The group of 37 students arrived in Israel Dec. 30 as part of an alternative winter break social-service trip organized by the Jewish National Fund in cooperation with the Chabad on Campus International Foundation. Representing some 20 college campuses across North America, each one raised $950 towards the construction of an indoor protected playground the JNF is building in the war-torn desert town of Sderot.
Even with Palestinian rockets pounding cities across southern Israel, Sneiderman explained that the students and their families all understood the benefit in helping the Israeli people.
“It was just a matter of reassuring them that we were taking appropriate security measures on this trip,” the rabbi said of the pre-trip conversations. “They wanted to know more about the locations we were going to and whether we’d be in range.”
The first few days of the trip were spent in Arad, a mountainous city halfway between Be’er Sheva and the Dead Sea, and home to Israel’s Air Force Museum. Except for the sound of warplanes flying overhead – likely speeding to their targets inside Gaza – the students said all has been quiet. They’ve largely stayed focused on the work they came to do.
“We’re here doing community service,” said Noam Oldstein, a student at California State University, Northridge. “We have a reason to be here, and when you are committed to doing something, you can’t let fear stop you from doing it.
“I’d rather be in Israel,” he added, “than anywhere else.”

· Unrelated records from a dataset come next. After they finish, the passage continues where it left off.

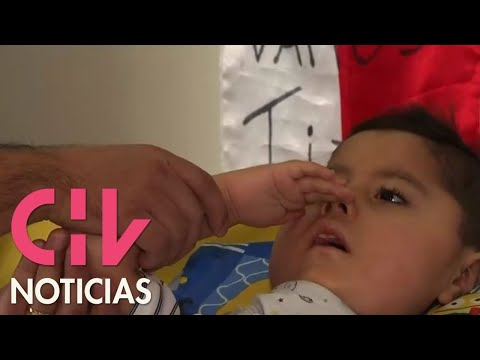 Video: Hipotrofia En Niños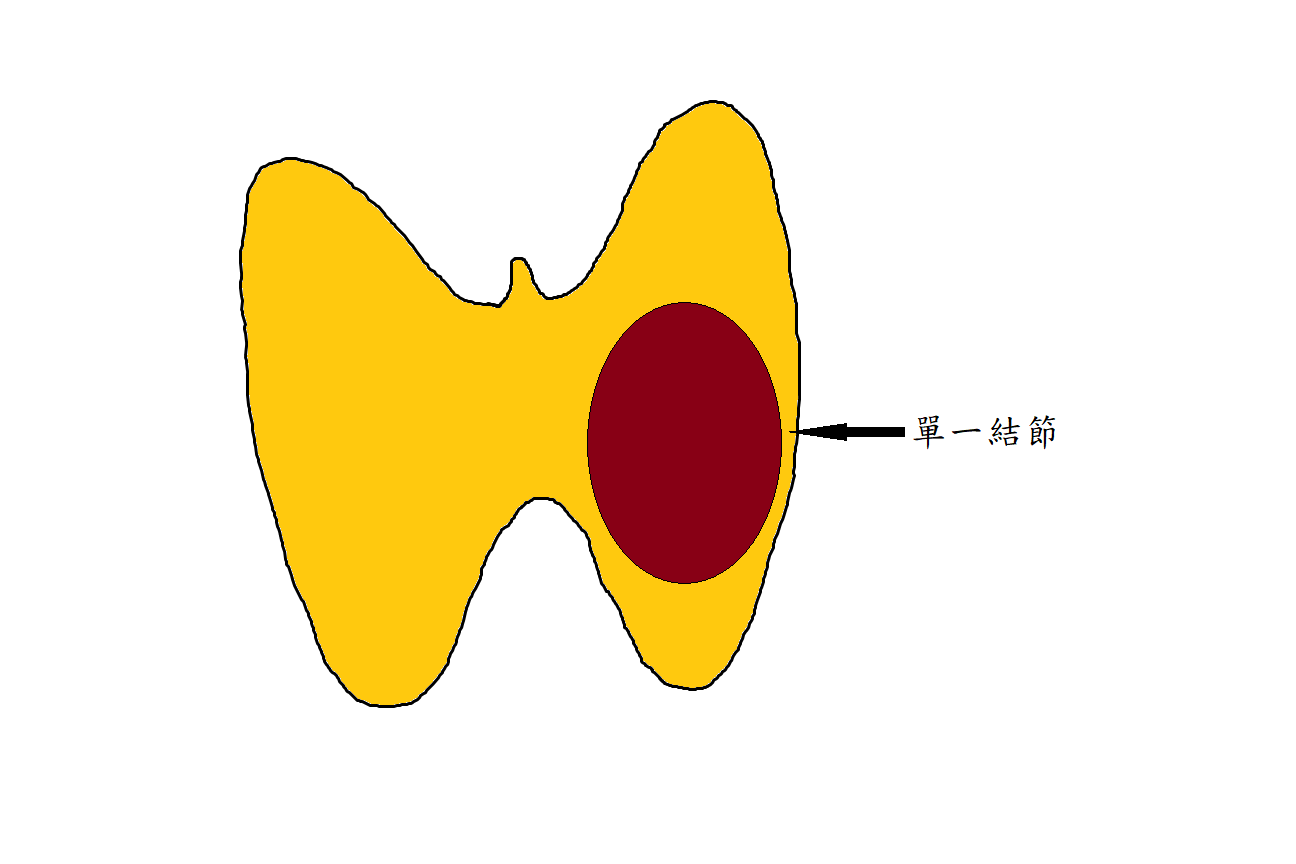 單一結節
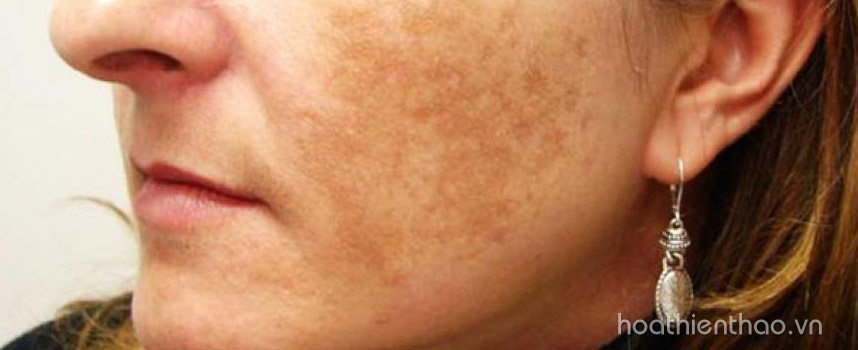 Chia sẻ câu chuyện trị nám thực tế từ một cô gái hiện đại - Hoa Thiên Thảo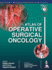 Atlas of Operative Surgical Oncology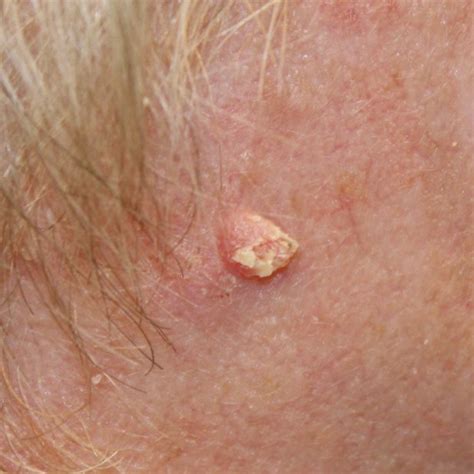 Skin Cancer Understanding Squamous Cell Carcinoma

On Tuesday and Wednesday, the delegation painted park benches and the public spaces in low-income neighborhoods before meeting with a group of 40 families from Sderot who had come to Arad for a few-days’ respite from the rocket attacks.

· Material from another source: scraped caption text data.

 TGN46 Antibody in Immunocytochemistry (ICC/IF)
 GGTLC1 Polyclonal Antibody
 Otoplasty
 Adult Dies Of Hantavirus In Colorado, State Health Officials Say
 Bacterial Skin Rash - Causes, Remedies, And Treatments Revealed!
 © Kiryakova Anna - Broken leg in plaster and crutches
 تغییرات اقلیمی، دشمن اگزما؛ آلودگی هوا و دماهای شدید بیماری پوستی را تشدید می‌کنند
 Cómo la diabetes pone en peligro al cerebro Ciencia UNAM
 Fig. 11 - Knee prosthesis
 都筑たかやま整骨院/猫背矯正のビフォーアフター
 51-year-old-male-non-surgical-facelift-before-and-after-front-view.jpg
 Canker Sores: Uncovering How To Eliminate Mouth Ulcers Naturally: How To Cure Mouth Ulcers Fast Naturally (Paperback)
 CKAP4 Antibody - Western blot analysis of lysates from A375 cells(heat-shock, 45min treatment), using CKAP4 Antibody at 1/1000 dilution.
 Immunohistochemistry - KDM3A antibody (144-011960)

The families, however, were told upon their arrival that their hotel rooms wouldn’t be ready. They spent the afternoon at a nearby indoor basketball court surrounded by their luggage, trying to sort out where to stay.
Sneiderman surprised the families with a gift from his local Jewish community to cheer them up.
“Before we left, the Jewish Community Center in Wilmington collected about 80 toys for the children of Sderot and asked me to make sure they were distributed,” related the rabbi, who has led several Taglit-birthright israel trips to the Holy Land operated by Mayanot. “I had no idea how I would do that, because we weren’t going to be in Sderot, but I brought the toys anyway, because I was hoping I’d find a way.
“When I heard what happened to the families that had come here, I knew what to do with the toys,” he continued. “I asked one of the JNF staff members to give me a ride over to the basketball court, and I handed a toy to each kid.”
At the close of the week, the college students headed to Jerusalem, where they planted trees and cleaned a local park in the capital city’s Kiryat Yovel neighborhood. They spent Shabbat in nearby Bayit Vagan, and spent the beginning of this week in the Latrun area for two days of volunteer work at a local preschool.
The students were scheduled to conclude their trip with a day of vegetable picking on behalf of Table to Table, an organization that distributes food that would otherwise go to waste – such as surplus farm produce – to soup kitchens and other non-profit organizations. After a full day of harvesting, the group will deliver the produce to a soup kitchen and prepare a meal with the bounty.
Sara Rosenbaum, a student at the University of Delaware, said that the jam-packed community-minded schedule kept everyone’s mind off of the war.
“With everything that is going on,” she said, “it feels good to be in Israel.”